We were camped at Mud Creek 6 weeks ago and heard two bugles just after sunset from the southwest.


----------



## fixed blade XC-3 (Sep 11, 2007)

Let's hope it wasn't Proutdoors bugling to you guys. That would be embarrassing for everyone!


----------



## proutdoors (Sep 24, 2007)

fixed blade said:


> Let's hope it wasn't Proutdoors bugling to you guys. That would be embarrassing for everyone!


 *\-\*


----------



## goofy elk (Dec 16, 2007)

Spent Friday and Saturday nights on the Wasatch, only heard 3 talking.
Pretty slow yet.


----------



## xxxxxxBirdDogger (Mar 7, 2008)

We had one going off in the middle of the night just outside of our camp in the Book Cliffs last week. That was pretty cool!


----------



## bow hunter (Sep 11, 2007)

in some areas they are really going, we cow called a 6 point in on friday night but he never made a sound but just down the canyon the bigger 6 was screaming like mad.


----------



## coydogg (Oct 6, 2007)

I went up today with a couple of friends.

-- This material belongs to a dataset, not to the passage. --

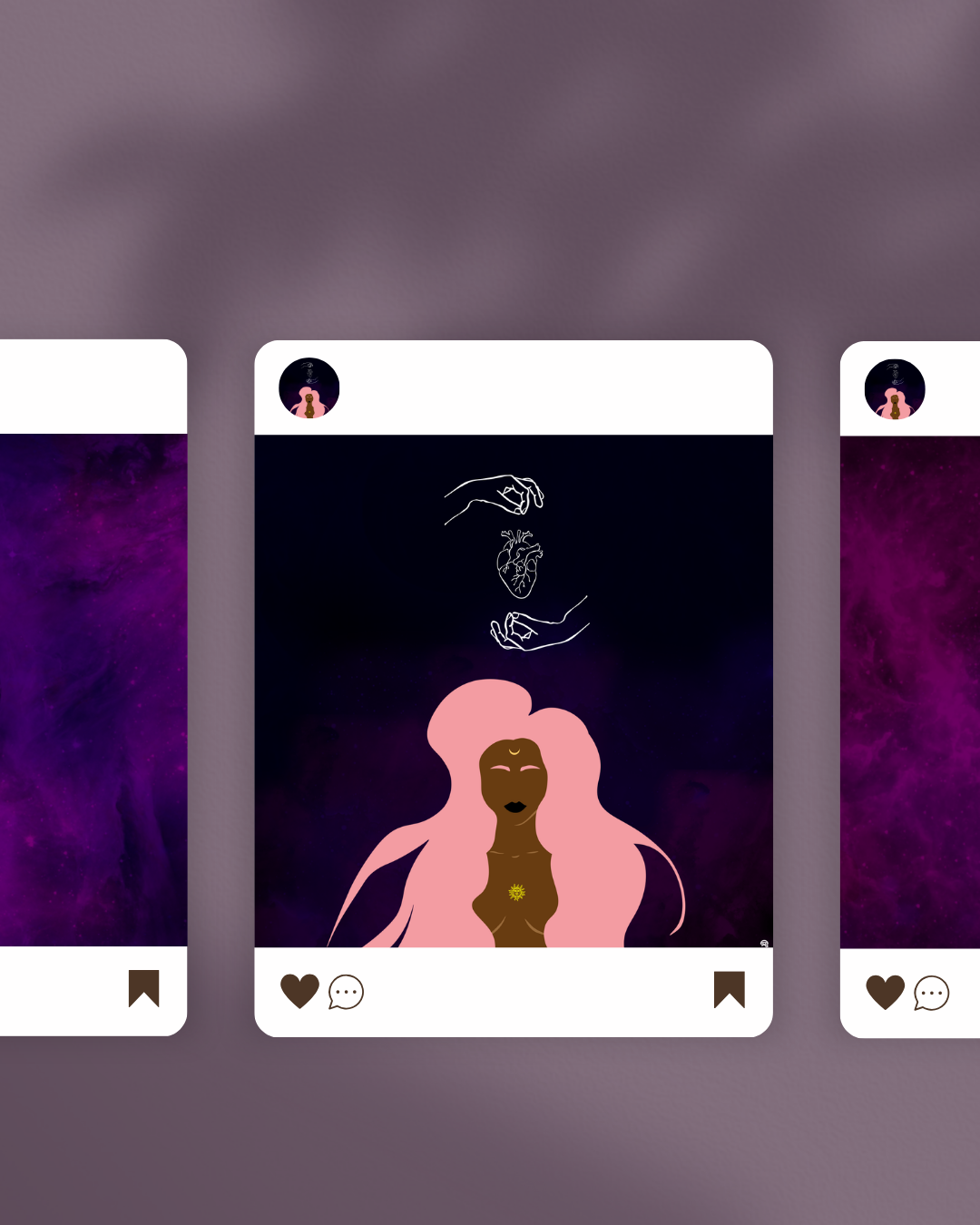 Illustration d'une femme avec des cheveux roses, silhouette noire, symbole de soleil sur le torse, et des dessins d'une main, un cœur et un cerveau floating au-dessus de sa tête, dans un fond violet cosmique.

I didnt get my archery elk tag this year but went up armed with a elk call. Once we got up a ways I did a bugle and got a response. Went back and forth 2 or 3 times. Pretty sweet. I think it is cool just going up there and talking to them. Total I heard 4 different bulls talking. This was up by Soapstone.


----------



## fixed blade XC-3 (Sep 11, 2007)

coydogg said:


> I went up today with a couple of friends. *I didnt get my archery elk tag this year but went up armed with a elk call*. Once we got up a ways I did a bugle and got a response. Went back and forth 2 or 3 times. Pretty sweet. I think it is cool just going up there and talking to them. Total I heard 4 different bulls talking. This was up by Soapstone.


Oh boy, do you realize what you've done??? :lol:


----------



## coydogg (Oct 6, 2007)

Uh oh. What did I do? Is it a crime to call for a friend that has his tag?


----------



## ktowncamo (Aug 27, 2008)

coy - I think he was JOKING at the fact that on the forum a lot of guys like to give other guys a hard time for going out and calling just for the sake of it. From your post it sounded like you weren't hunting with a buddy but out solo.

That is good news since one of my spots is in the Uintas (err, up the street  ) and I haven't heard any bulls yet up there. Perhaps Tuesday morning will be noisy. Once can hope.


----------



## 73driver (Sep 1, 2009)

Heading for the south slope of Unitas next week. Has anyone heard any talking out that way yet?


----------



## jahan (Sep 7, 2007)

Wednesday the bulls where talking like crazy, over the weekend it slowed, but they were still going pretty strong where I was.


----------